To leave inequality between class and class, between sex and sex, which is the soul of Hindu Society untouched and to go on passing legislation relating to economic problems is to make a farce of our Constitution and to build a palace on a dung heap. This is the significance I attached to the Hindu Code. It is for its sake that I stayed on notwithstanding my differences. So if I have committed a wrong, it is in the hope of doing some good. Had I no ground for such a hope, for overcoming the obstructionist tactics of the opponents? I would like in this connection to refer only to three of the statements made by the Prime Minister on the floor of the House.
On 28th November, 1949, the Prime Minister gave the following assurance. He said:
“What is more, the Government is committed to this thing (Hindu Code). It is going through with it.”

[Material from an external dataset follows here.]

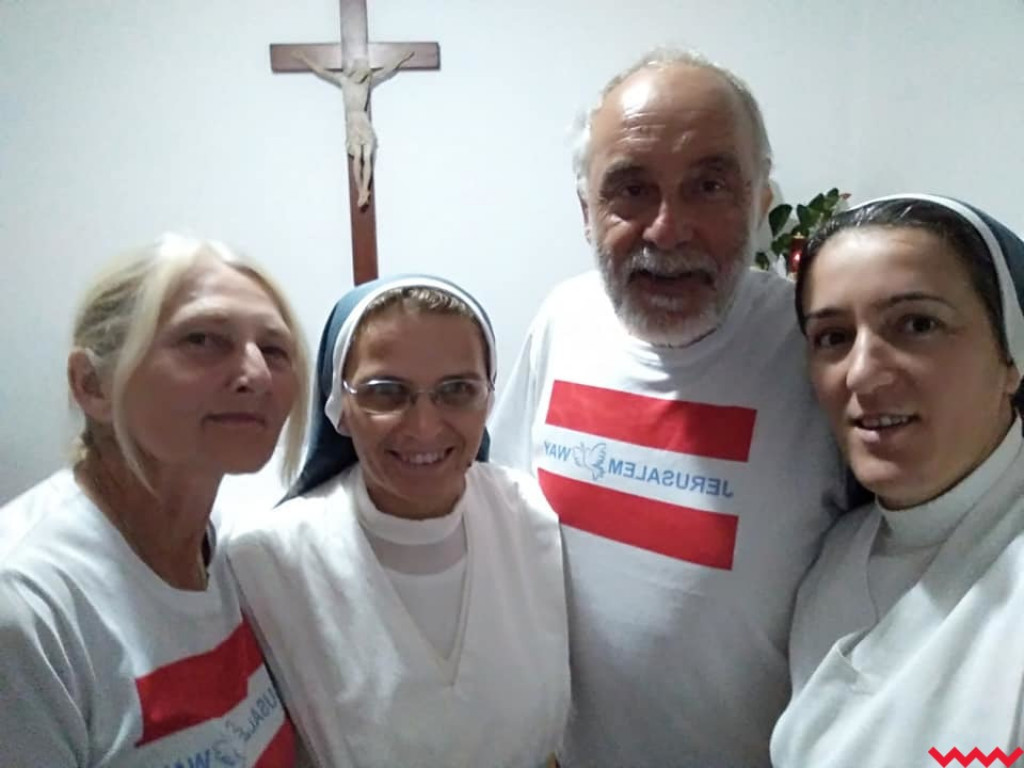  Pielgrzymi z Miłosławia mają już w nogach dwa tysiące kilometrów!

“Government would proceed with that. It is for this House to accept a measure, but if a Government takes an important measure, and the House rejects it, the House rejects that Government and the Government goes and another Government comes in its place. It should be clearly understood that this is one of the important measures to which the Government attaches importance and on which it will stand or fall.”

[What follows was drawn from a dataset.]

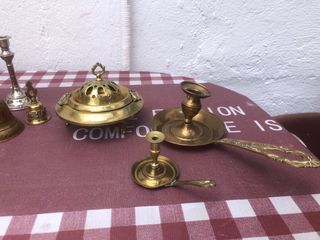 Piezas bronce antiguas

Again on 19th December, 1949, the Prime Minister said:
“I do not wish the House to think in the slightest degree that we consider that this Hindu Code Bill is not of importance, because we do attach the greatest important to it, as I said, not because of any particular clause or anything, but because of the basic approach to this vast problem in problems, economic and social. We have achieved political freedom in this country, political independence. That is a stage in the journey, and there are other stages, economic, social and other and if society is to advance, there must be this integrated advance on all fronts.”
On the 26th September, 1951, the Prime Minister said:
“It is not necessary for me to assure the House of the desire of Government to proceed with this measure in so far as we can proceed with it within possibilities, and so far as we are concerned we consider this matter as adjourned till such time as the next opportunity – I hope it will be in this Parliament – offers itself.”
This was after the Prime Minister had announced the dropping of the Bill. Who could not have believed in these pronouncements of the Prime Minister? If I did not think that there could be a difference between the promises and performances of the Prime Minister the fault is certainly not mine. My exit from the Cabinet may not be a matter of much concern to anybody in this Country. But I must be true to myself and that can be only by going out. Before I do so, I wish to thank my colleagues for the kindness and courtesy they have shown to me during my membership of the Cabinet. While I am not resigning from my membership of Parliament, I also wish to express my gratitude to Members of Parliament for having shown great tolerance towards me.